Das Bauen mit viel Glas ist einer der großen Architekturtrends der letzten Jahre. Kein Wunder, denn große Glasfassaden sorgen für viel Tageslicht und lassen den Innenraum hell und freundlich wirken. Und wer im Glashaus sitzt, dem bietet sich ein uneingeschränkter Blick nach Draußen. Als besonders beliebt hat sich die Kombination aus Glas und Holz erwiesen. Doch mittlerweile gibt es auch eine ganze Reihe an Massiv Fertighäusern und Bungalows mit Glas als dominantes Bauelement.

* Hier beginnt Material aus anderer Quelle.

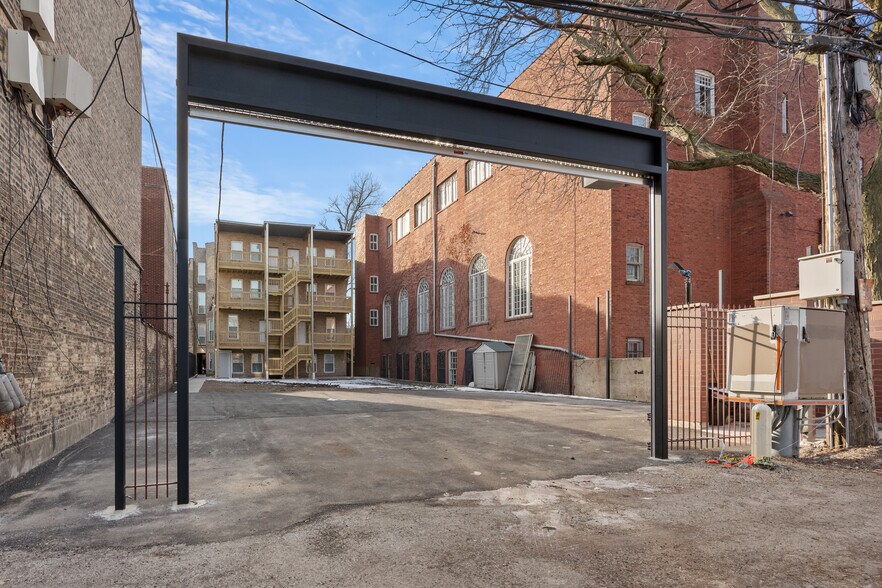 More Photos Of 1710 W Lunt Ave, Chicago Apartments For Sale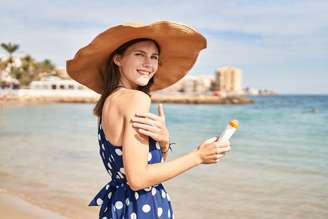 Com as altas temperaturas, a pele pede cuidados extras para se manter saudável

bauen mit GlasDabei war das Bauen mit Glas aus Gründen der Wärmedämmung lange Zeit kaum verbreitet. So galten gerade die Fenster als energetische Schwachstelle, an der besonders viel Wärme nach Außen gelangt. So war es bisher, denn heute können es Glasfenster in Puncto Wärmeisolierung locker mit einer Massivmauer aufnehmen. Dabei kommen dreifach isolierverglaste Fenster auf einen U-Wert von 0,5 W/(m2k). Damit stehen sie, was Wärmedämmung angeht, einem gut isolierten Mauerwerk in Nichts nach.

Und das Haus aus Glas hat gegenüber einer Steinfassade sogar noch einen Vorteil: So dient die Glaswand der passiven Wärmegewinnung.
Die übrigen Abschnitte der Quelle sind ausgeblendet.